HOW TO COMPLETE THIS TASK: Once you have found the line with "pink flowering shrub" in the records below, retype it and every line after it to the end exactly, with no pictures and nothing more.
LISTED ENTRIES section start
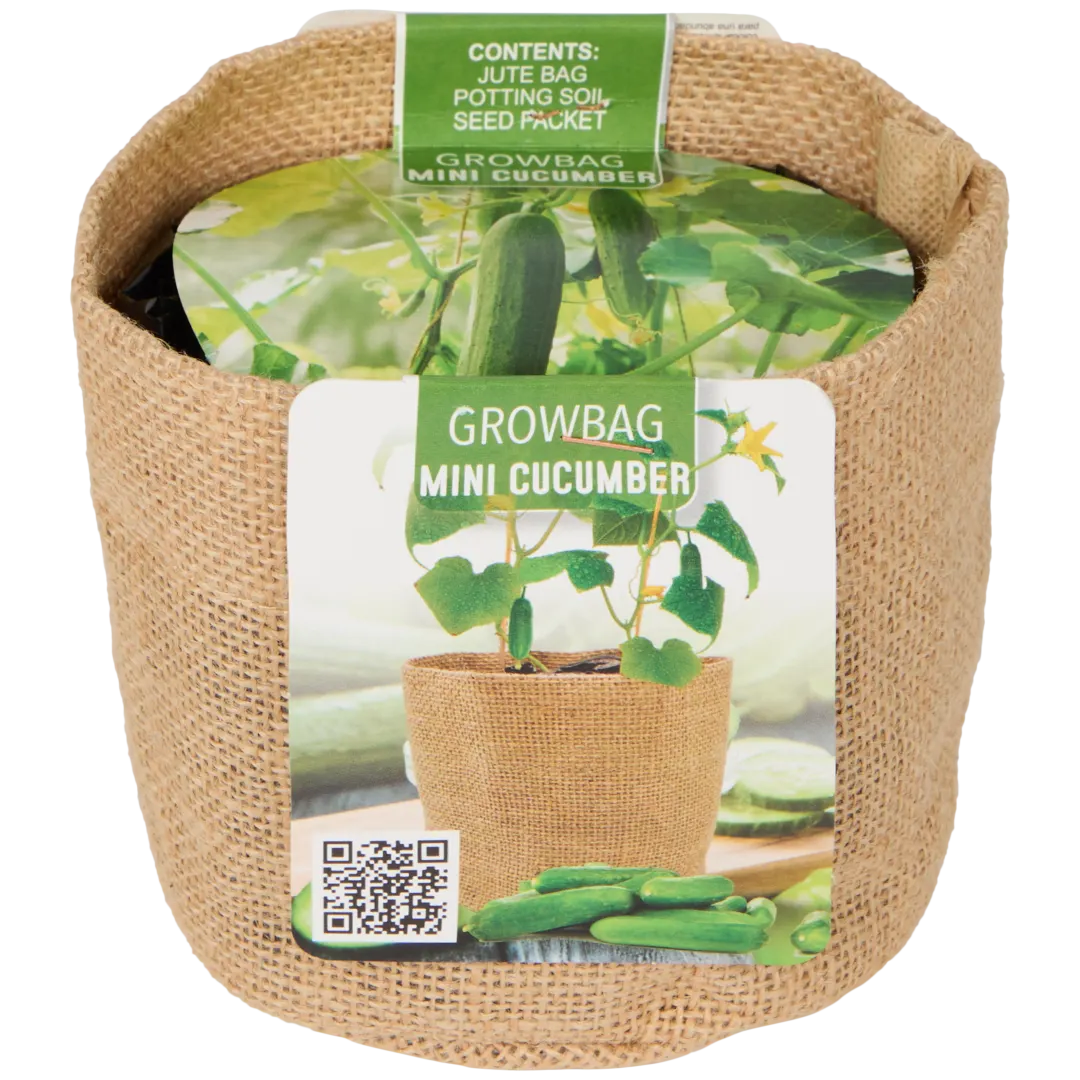 Kit prêt à pousser 1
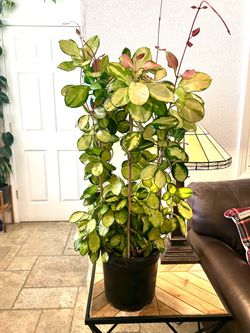 🪴Large Hoya Australis Lisa houseplant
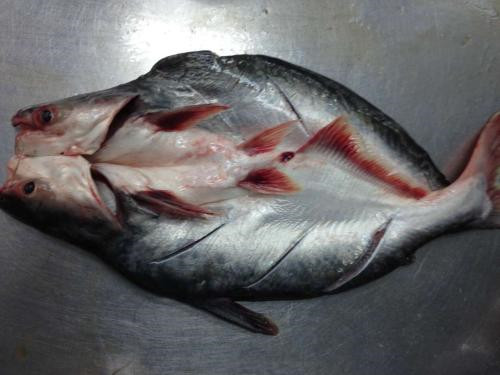 越南巴沙魚(yú)進(jìn)口報關(guān)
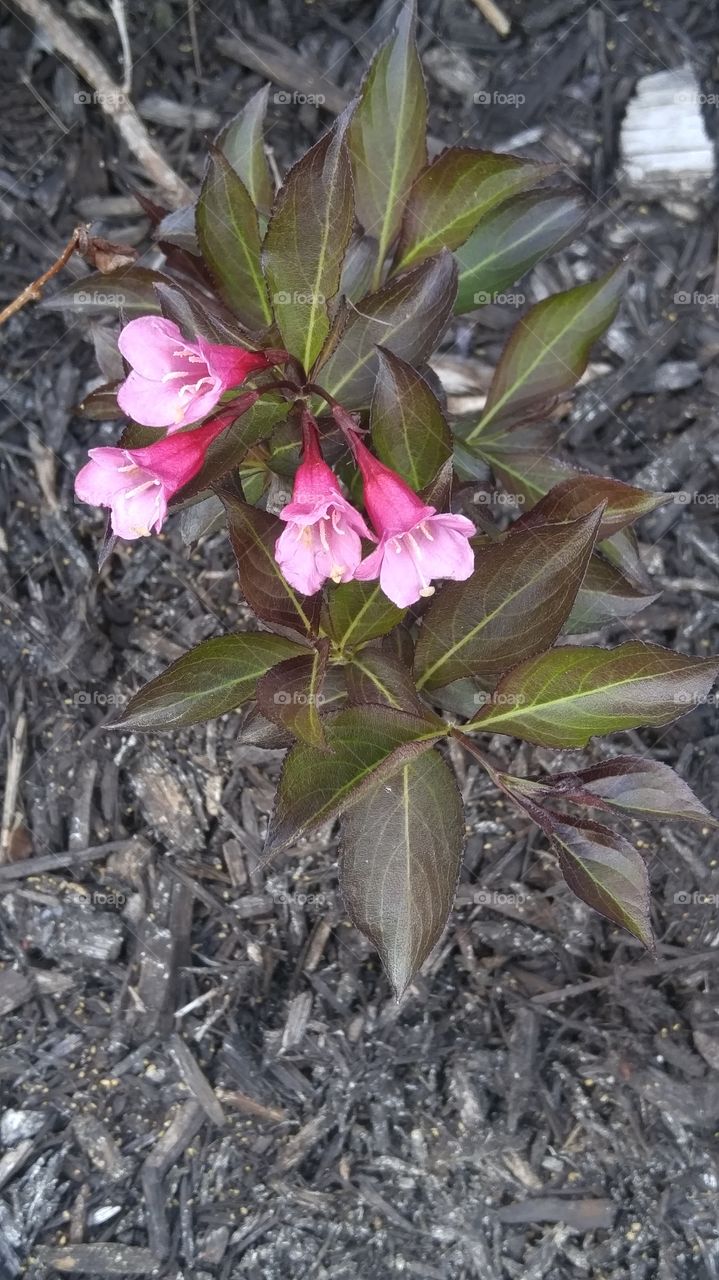 pink flowering shrub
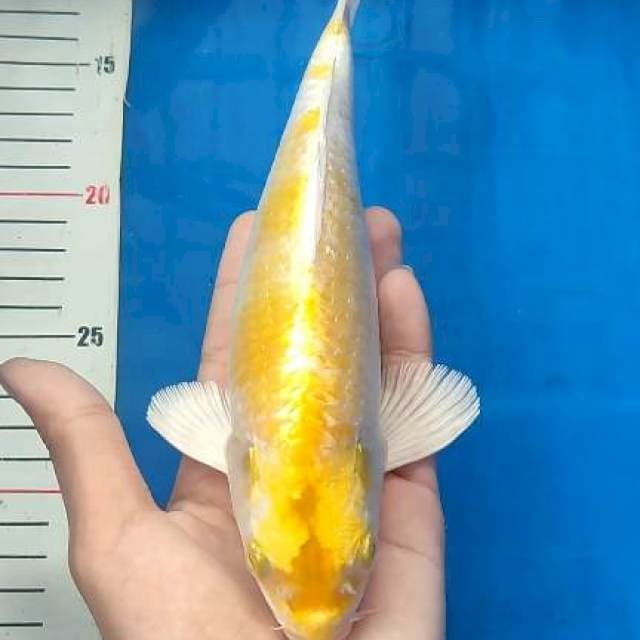 Ogon 24cm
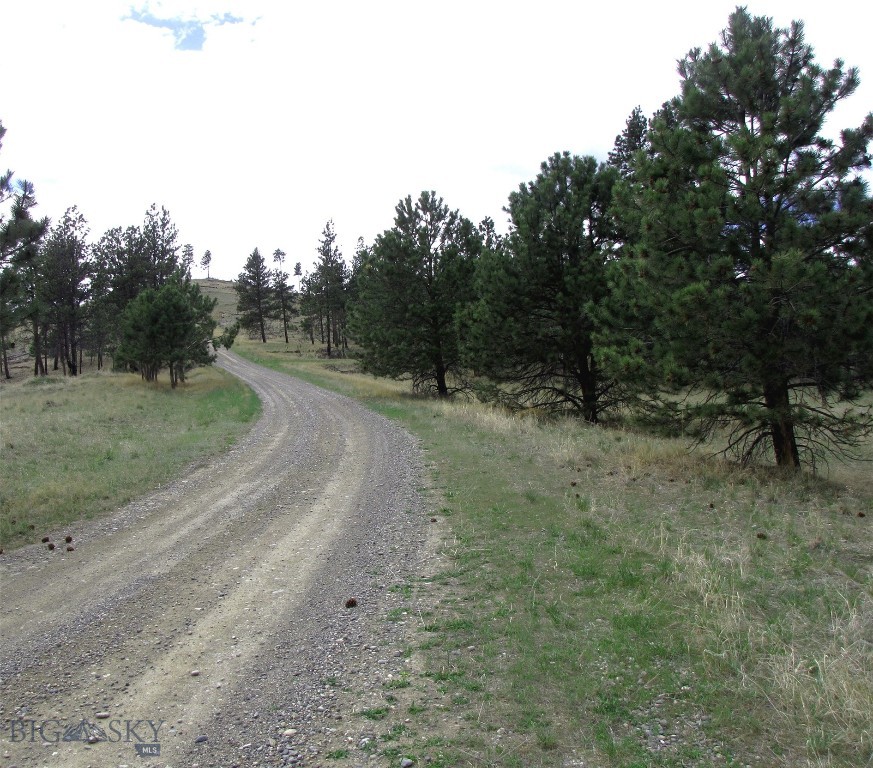 Tbd Tbd Wild Turkey Ridge Road Columbus, MT 59019 - Photo 12 of 55 Gallery Image 12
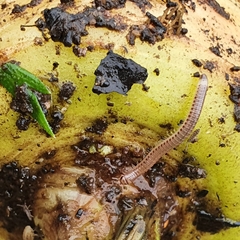 Cylindroiulus punctatus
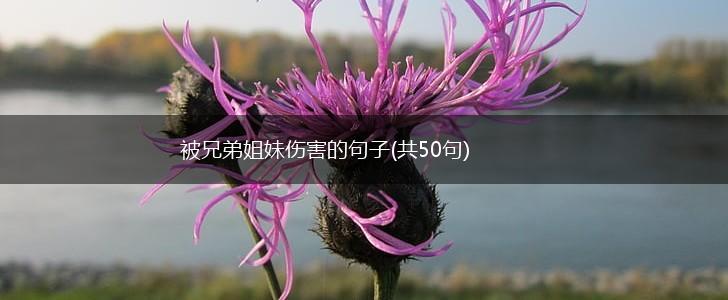 被兄弟姐妹伤害的句子(共50句),第1张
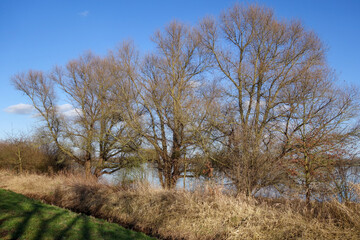 Bäume am Gevattersee im März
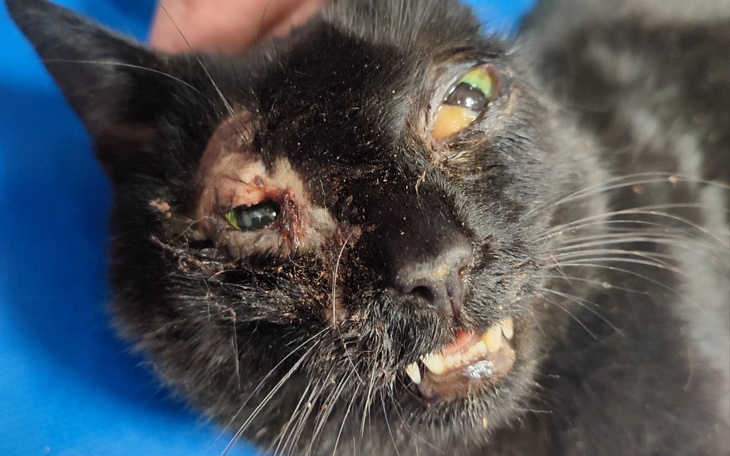 Zbiórka Mariolka walczy o swoje życie - zdjęcie główne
LISTED ENTRIES section end
WRITTEN RESPONSE:
 pink flowering shrub
 Ogon 24cm
 Tbd Tbd Wild Turkey Ridge Road Columbus, MT 59019 - Photo 12 of 55 Gallery Image 12
 Cylindroiulus punctatus
 被兄弟姐妹伤害的句子(共50句),第1张
 Bäume am Gevattersee im März
 Zbiórka Mariolka walczy o swoje życie - zdjęcie główne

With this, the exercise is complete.